[Requirement] Look through the records below and give the number of lines holding the string "Photo", nothing more.
Start of Records
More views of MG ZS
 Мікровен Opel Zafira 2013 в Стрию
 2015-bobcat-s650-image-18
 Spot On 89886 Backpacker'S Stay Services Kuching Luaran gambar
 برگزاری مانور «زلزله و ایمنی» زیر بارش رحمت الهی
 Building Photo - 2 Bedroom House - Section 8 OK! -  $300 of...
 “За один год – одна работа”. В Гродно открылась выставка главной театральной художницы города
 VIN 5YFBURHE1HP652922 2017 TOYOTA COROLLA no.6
End of Records
Start of Records
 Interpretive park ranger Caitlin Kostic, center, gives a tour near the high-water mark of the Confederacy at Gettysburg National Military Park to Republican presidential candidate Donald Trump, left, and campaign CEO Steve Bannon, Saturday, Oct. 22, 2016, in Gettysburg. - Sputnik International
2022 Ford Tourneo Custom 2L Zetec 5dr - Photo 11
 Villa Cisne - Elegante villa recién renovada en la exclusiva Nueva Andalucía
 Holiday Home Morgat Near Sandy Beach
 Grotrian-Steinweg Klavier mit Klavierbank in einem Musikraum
End of Records
Start of Records
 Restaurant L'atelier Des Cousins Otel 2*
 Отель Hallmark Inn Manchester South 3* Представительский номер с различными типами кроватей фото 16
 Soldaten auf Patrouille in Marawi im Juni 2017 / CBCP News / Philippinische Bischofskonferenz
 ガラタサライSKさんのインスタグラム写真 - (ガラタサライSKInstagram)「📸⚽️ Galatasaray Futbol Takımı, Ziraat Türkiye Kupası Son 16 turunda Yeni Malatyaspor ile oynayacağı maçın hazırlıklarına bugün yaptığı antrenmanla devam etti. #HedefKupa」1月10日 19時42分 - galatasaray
End of Records
[Problem solution] 2